Desse modo, o serviço de censura remetia a questão da homossexualidade à seara dos temas imorais, portanto, passível de um rigoroso no controle do assunto, visto que, tal prática seria mais danosa à sociedade que a tal liberdade sexual feminina, contanto que esta fosse heterossexual.

Escritos polifônicos e ambíguos

Cada um de nós é um símbolo que lida com símbolos – tudo ponto apenas e referência ao real. Procuramos desesperadamente encontrar uma identidade própria e a identidade do real. 165

165 Clarice Lispector, Água Viva (1973; p. 80)

Engraçado o mundo! A sociedade! O homem! A mulher! E ela: a lésbica! Enfim, o convencimento, a segurança, a certeza para a definição da personalidade estabelecida, do caráter, da moral e do que ela era: Homossexual! 166

166 Cassandra Rios, Mutreta (1972; p. 27)

3.1 “Que mal eu fiz a esses senhores, tão respeitáveis?”

[...] não existem estranhos afetos, existem pessoas estranhas que estranham, não entendem, não aceitam ou disfarçam. 167

167 Idem, Censura, minha luta, meu amor (1977, p. 121)

Como questão central de diversas querelas políticas associadas à intelectualidade, a pornografia, provavelmente por conta do “surto censório” do governo Geisel (1974-1979), parece assustar menos que as possibilidades plenas da vivência de novos sujeitos politicamente ativos e que vivenciam de modo diverso suas experiências de sociabilidade e também o deleite dos prazeres “pervertidos”. Ampliando a voz de minorias como as lésbicas e os homossexuais, Cassandra Rios descreveu tão bem essas experiências em sua escrita que, por vezes, houve a confusão desse universo ficcional com as práticas reais. Cassandra Rios teve a sua narrativa ficcional confundida com sua vida privada e no livro Censura...(1977; pp. 103-104), conta que motivada pela associação de sua escrita com a subcultura e sua classificação como escritora menor, lança mão da composição “inflamada de revolta e inspiração” do livro O bruxo espanhol, ao que quando intimada a depor numa delegacia “descobriu que conseguira transformar coisas irreais em assuntos polêmicos”

Olhos fitos no rosto do homem que a interrogava, Cassandra sentiu um frio de faca cortá-la por dentro, rasgar-lhe o cérebro como se fosse inútil qualquer resposta para explicar que tudo era fruto de sua imaginação e que somente quisera provar seu valor de ficcionista, sua capacidade de inventar estórias. [...] Remontara-se [sua narrativa] a uma época perdida no passado, inutilmente, erguera uma cidade, inutilmente, queriam o endereço da moça cujos olhos brilhavam no escuro como os olhos dos gatos, dos bichos pela incidência da luz [...] – Está bem, não precisa responder.

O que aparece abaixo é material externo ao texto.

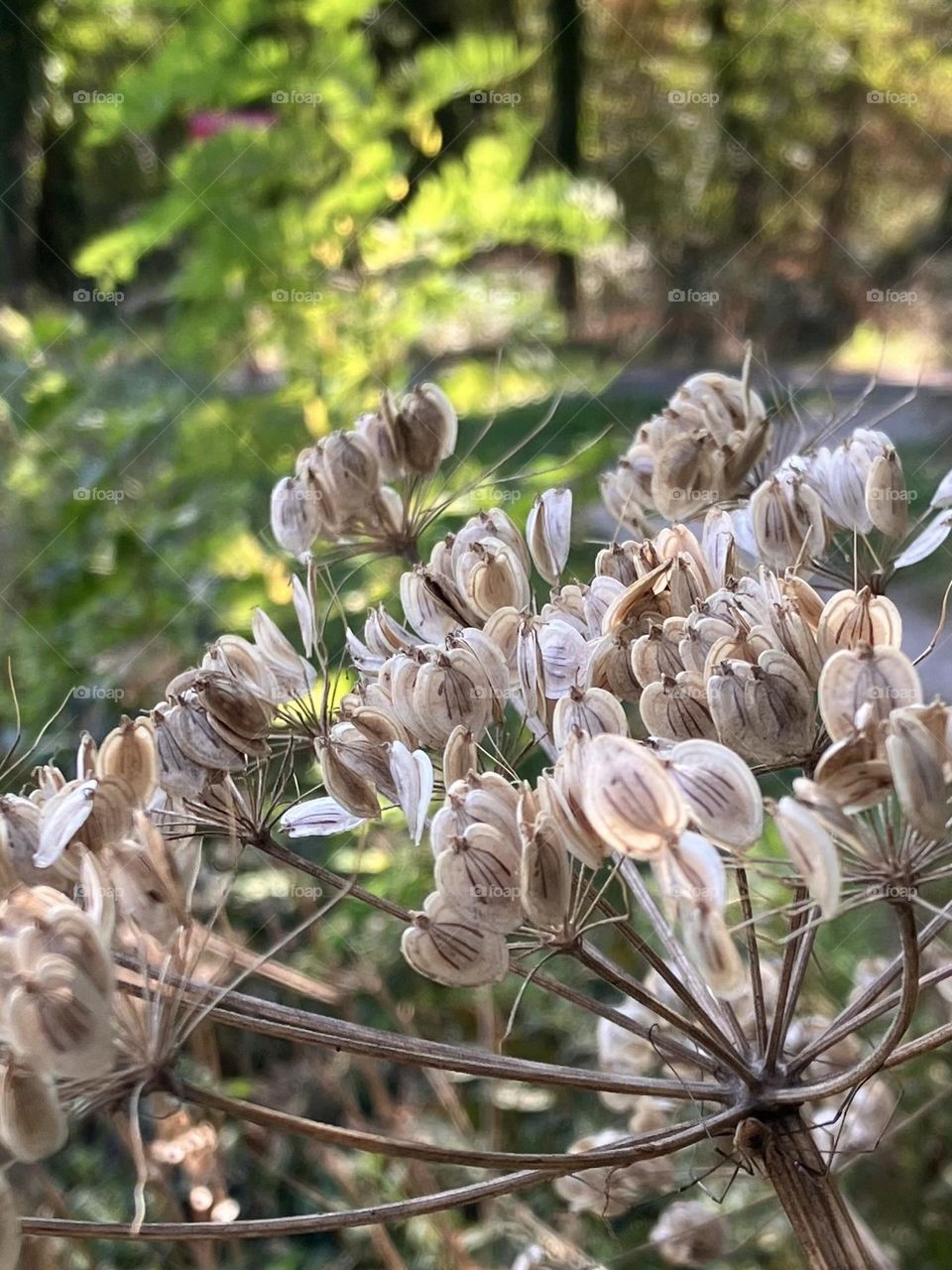 From flowers to seeds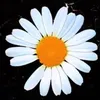 gdk223104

A investigação das fontes literárias tem auxiliado há muito os historiadores, uma vez que a narratividade implica em dispor de estruturas e/ou esquemas explicativos com o intuito de construir representações sobre o passado. Assim, as obras ou algumas delas se apropriam dos objetos e das práticas da cultura escrita do seu tempo para transformá-los em recursos estéticos movidos por fins poéticos, dramáticos ou narrativos. A literatura se aproxima da história e torna-se uma preciosa fonte de pesquisa, porquanto, ela se apodera não só do passado, mas também dos documentos e das técnicas encarregados de manifestar a condição de conhecimento disciplina histórica.

Com uma escrita diretamente relacionada com a interdição de sua produção literária, a obra Censura, minha luta, meu amor (1977), Cassandra Rios elenca as obras que foram censuradas e nos conta o que, para ela, causou sua interdição. Fugindo aos mecanismos de disciplina, com táticas de representar as práticas pelas quais as pessoas poderiam se reapropriar do espaço, dos afetos, dos prazeres sexuais, Cassandra Rios incomodava o Estado, os setores – e alguns representantes – conservadores por enfatizar que o poder de controle deste se exercia através da ordem discursiva. Com suas narrativas, ela oferecia a possibilidade para que os sujeitos e os prazeres desviantes se insurgissem contra a ordem estabelecida. Essa postura, por vezes velada, a transformou na escritora maldita que vendia milhões de livros sem obter reconhecimento da crítica literária.